The cooperative landscape for these Western expeditions changed dramatically in the period after World War I and into the 1920s. As Jacobs documents in detail, the earlier perception of antiquities as freely transferable commodities changed with the collapse of the Qing government in 1911 and the rise of the new Republic of China. Recognizing the political importance of unifying the country through the perception of a shared cultural heritage, the government nationalized many collections, most notably the vast imperial art collections that would form the new Palace Museum in 1925. We also see the rise of “scientific” archaeology in China and the emergence of a new generation of Western-trained Chinese archaeologists, anthropologists, art historians, and other scholars who returned to China in leadership positions: they implemented new rules and regulations to preserve China's archaeological sites, recognizing the importance of China's antiquities, sites, and museums as symbols of the nation's shared heritage and an important unifying tool for reinforcing political legitimacy.

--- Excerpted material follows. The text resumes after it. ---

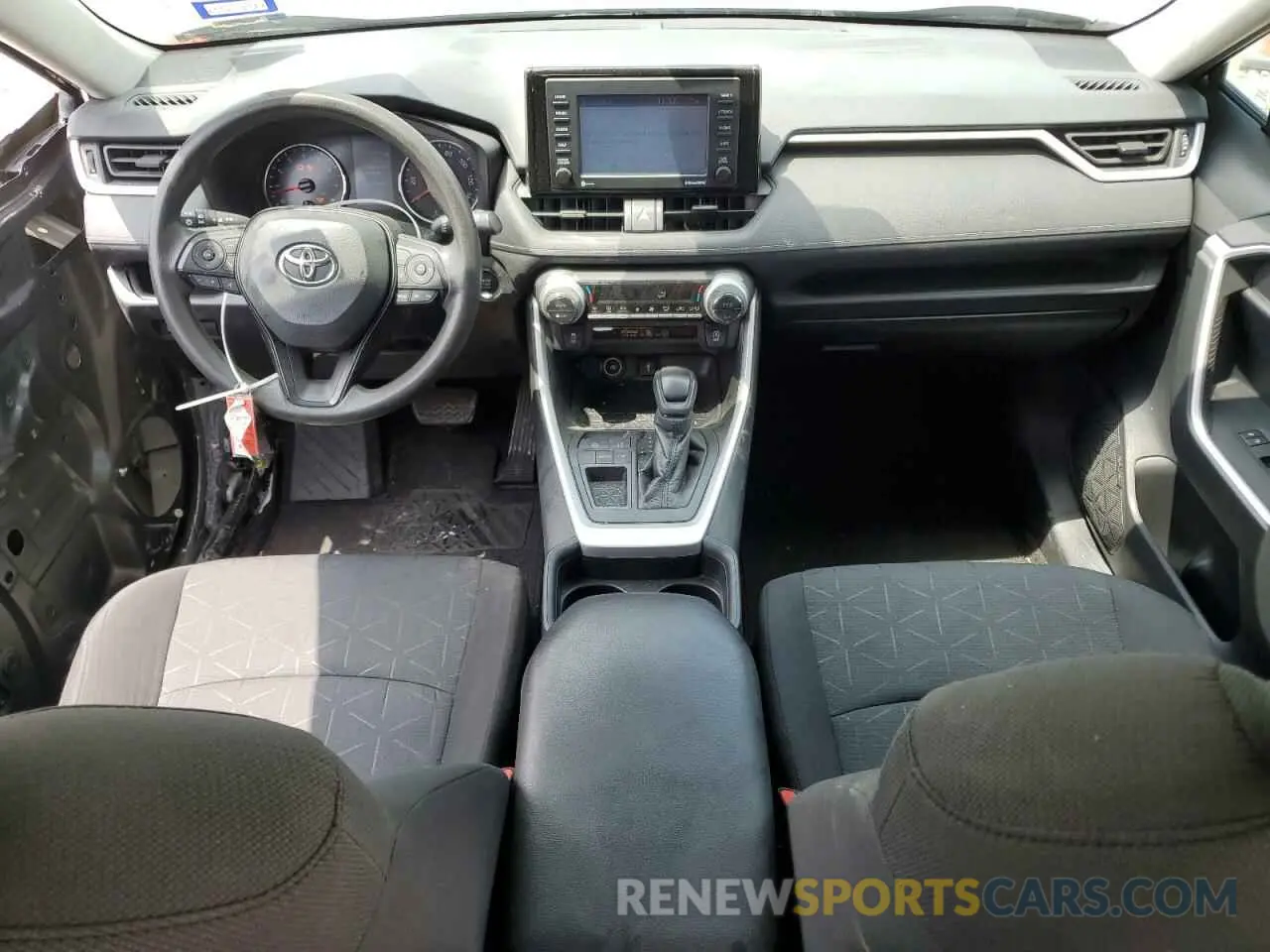8 Photograph of a damaged car 2T3W1RFVXMC136475 TOYOTA RAV4 2021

The ruling Nationalist (Kuomintang) government increasingly saw the value of cultural heritage as soft diplomacy: for example, the 1935–1936 exhibition of Chinese antiquities in London sought to elicit international support in the face of growing Japanese militarism. With the establishment of the PRC in 1949, Chinese archaeology and museums from the 1950s through 1970s provided the government with a tangible tool to present a Marxist understanding of social evolution. Importantly, the use of cultural heritage for soft diplomacy continues in China to the present day, as shown by Xi Jinping's ongoing nationwide expansion of archaeology museums to showcase China's long and sophisticated cultural history on the world stage and by the use of maritime archaeology to bolster China's historical claims to dominance over the South China Sea. Indeed, China's massive Belt and Road Initiative (BRI) seeks to renew and strengthen China's historical economic and cultural links along the old Silk Road and well beyond, adding yet another dimension to the relevance of understanding the multilayered Central Asian relationships as laid out in The Compensations of Plunder. As William Faulkner noted (Requiem for a Nun, 1951), “The past is never dead. It's not even past.”